Monday, March 23, 2009

The Touchability Box

Since the powers-that-be at Reeves have decided to revive the Touchability box packaging, I thought I’d post a picture of an original. They’re surprisingly rare - probably one of the scarcest of the many varieties of vintage Breyer packaging out there:

The original Touchability box was a late 1960s experiment. Breyer was looking for a box that was more store-friendly than the corrugated cardboard shipper boxes that were the norm at the time. Their scarcity nowadays is partly a consequence of the short duration of the packaging: they were only used for about a year. Another reason would be the nature of the box itself; they were designed strictly for display and couldn’t be repurposed for storage.

Actually, there are a number of reasons for the lack of success of the original Touchability box. As you can see, the only things holding the horse to the packaging were a few stretchy, flexible ties that weren’t much of an obstacle to theft or package tampering. The boxes themselves weren’t terribly sexy either - just barely a step up from the corrugated shipper in terms of visual appeal.

A year or so later, Breyer experimented with the clear plastic "Showcase" boxes. They had a couple of advantage over the Touchability box: they were more tamper-proof, and you could inspect every square inch of the model before purchase. But these boxes were prone to yellowing, and not terribly sturdy; the horse wasn’t secured within the box either, so rubs and dings were another issue. In 1973, Breyer finally switched over to the familiar, much loved two-piece illustrated box for the Traditionals, and all was right in the world for the next dozen years or so.

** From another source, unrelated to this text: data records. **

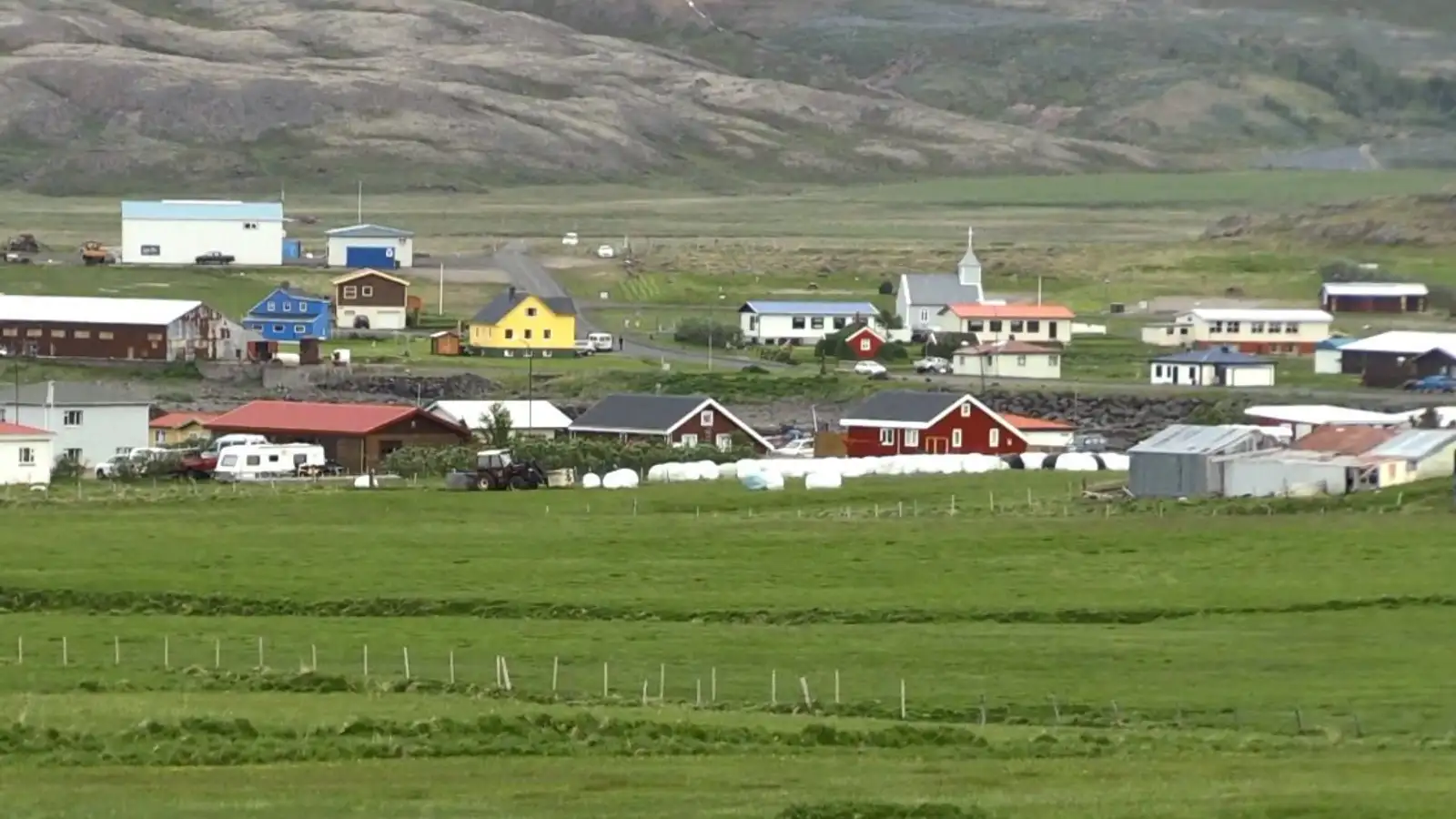 Borgfirðingum eystra áfram ráðlagt að sjóða neysluvatn yfir helgina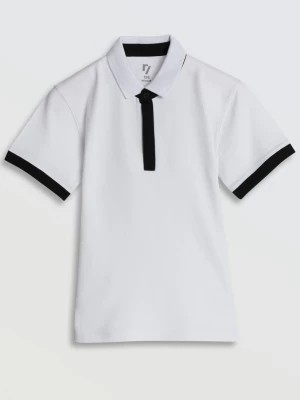 Zdjęcie produktu Biała koszulka polo z kontrastową lamówką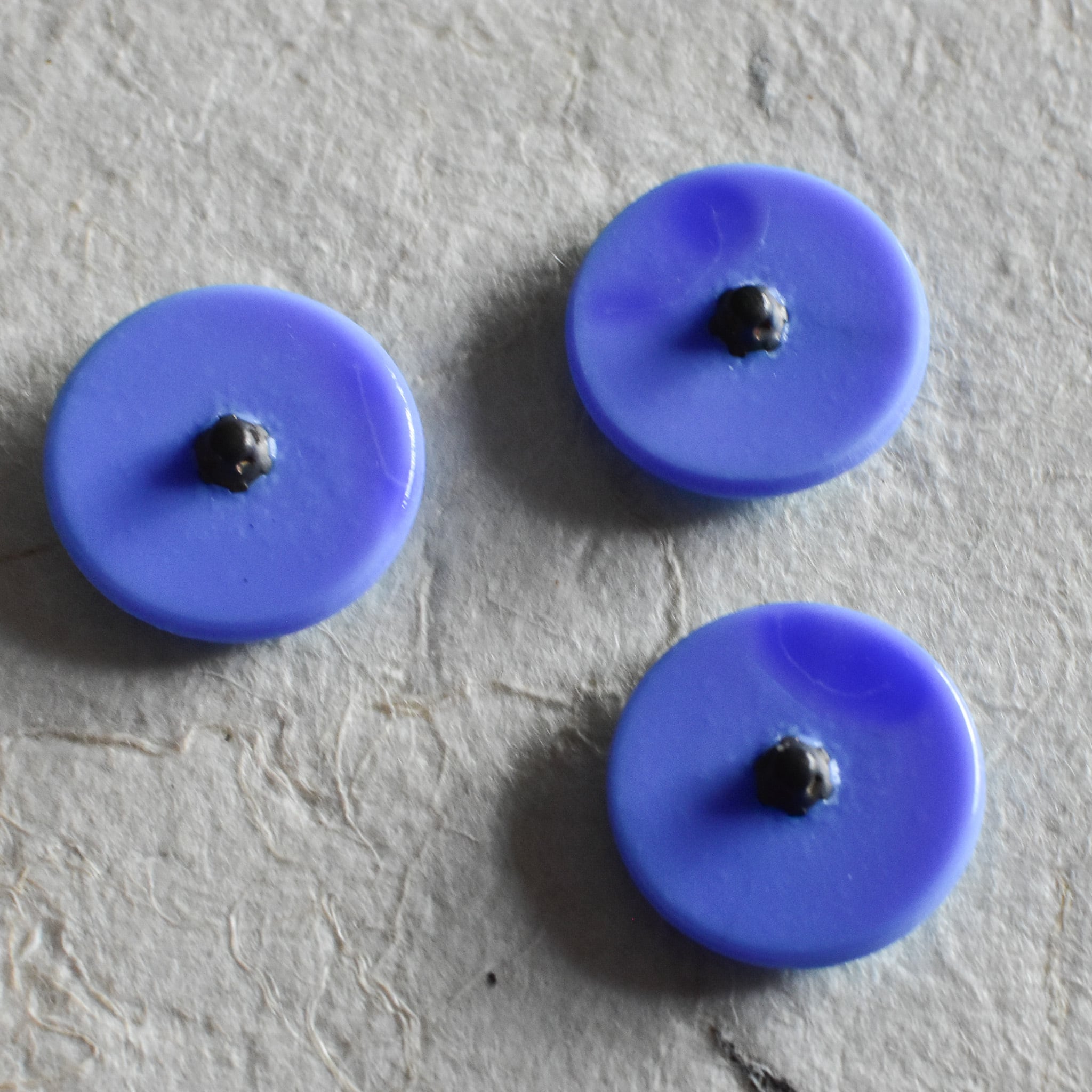 アンティーク　ガラスボタン　１９〜２０世紀　オーストリア・チェコスロバキア製 チェコスロバキア ヴィンテージ 4つ穴 ガラスボタン 12個セット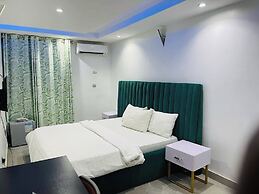 Villa Maxili Hotel and Apartment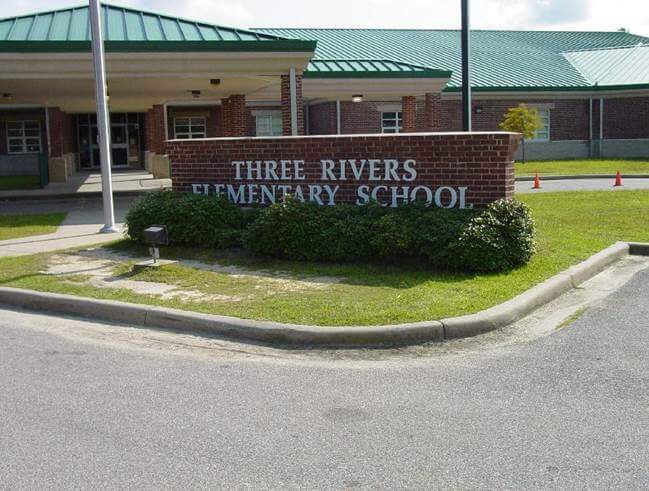 Three Rivers Elementary School Logo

The new Touchability box is sturdier and more tamperproof than the original. I know some collectors are concerned about condition issues, but I’m not as worried. I tend to give higher marks for durability of Breyer paint jobs than others do. I’ve occasionally had issues with the quality control of the paint jobs - overspray, sloppy glossing, inadequate shading, smudges, missing details - but the durability hasn’t been one of them.

The only models released in the original packaging were the Family Arabians; like the original, the new Touchability box appears to be targeted to a younger audience. An audience that may be looking to upgrade from the more toyish fare of Safari or Schliech, but is still appreciates and responds to the tactile nature of that kind of packaging.